Alexander said the broad coalition of House Republican sponsors is indicative of the good ideas being generated from his colleagues.
“This isn’t just me coming up with ideas,” Alexander said. “We’ve got a host of members who have some great ideas for true reform. I’m happy the majority party agreed to hold a work session on our ideas, but a work session is far from actually holding a public hearing where we can hear citizens’ support for our proposals.
“In the end, I suppose a recent observation in an editorial by The Olympian will continue to ring true when it said: ‘Alexander’s proposal makes sense – and therefore will likely be rejected out-of-hand by Democratic budget writers,'” Alexander said.

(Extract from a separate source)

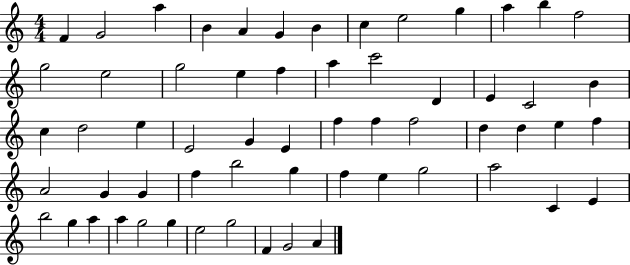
F4/q G4/h A5/q B4/q A4/q G4/q B4/q C5/q E5/h G5/q A5/q B5/q F5/h G5/h E5/h G5/h E5/q F5/q A5/q C6/h D4/q E4/q C4/h B4/q C5/q D5/h E5/q E4/h G4/q E4/q F5/q F5/q F5/h D5/q D5/q E5/q F5/q A4/h G4/q G4/q F5/q B5/h G5/q F5/q E5/q G5/h A5/h C4/q E4/q B5/h G5/q A5/q A5/q G5/h G5/q E5/h G5/h F4/q G4/h A4/q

House Republican budget proposals discussed during today’s work session included:
House Bill 1458, sponsored by Rep. Barbara Bailey, R-Oak Harbor, would require a fiscal note to be established before final passage of any bill before the Washington State Legislature.
House Bill 1654, sponsored by Alexander, would establish a period of public and legislative review for the state’s major appropriations bills. Dubbed “The Budget Sunshine Act,” it would require a five-day waiting period before either legislative body could vote on the operating, capital or transportation budgets.
During the work session, Alexander said oftentimes he’s been forced to vote on a budget bill that was still literally “warm” from being recently copied.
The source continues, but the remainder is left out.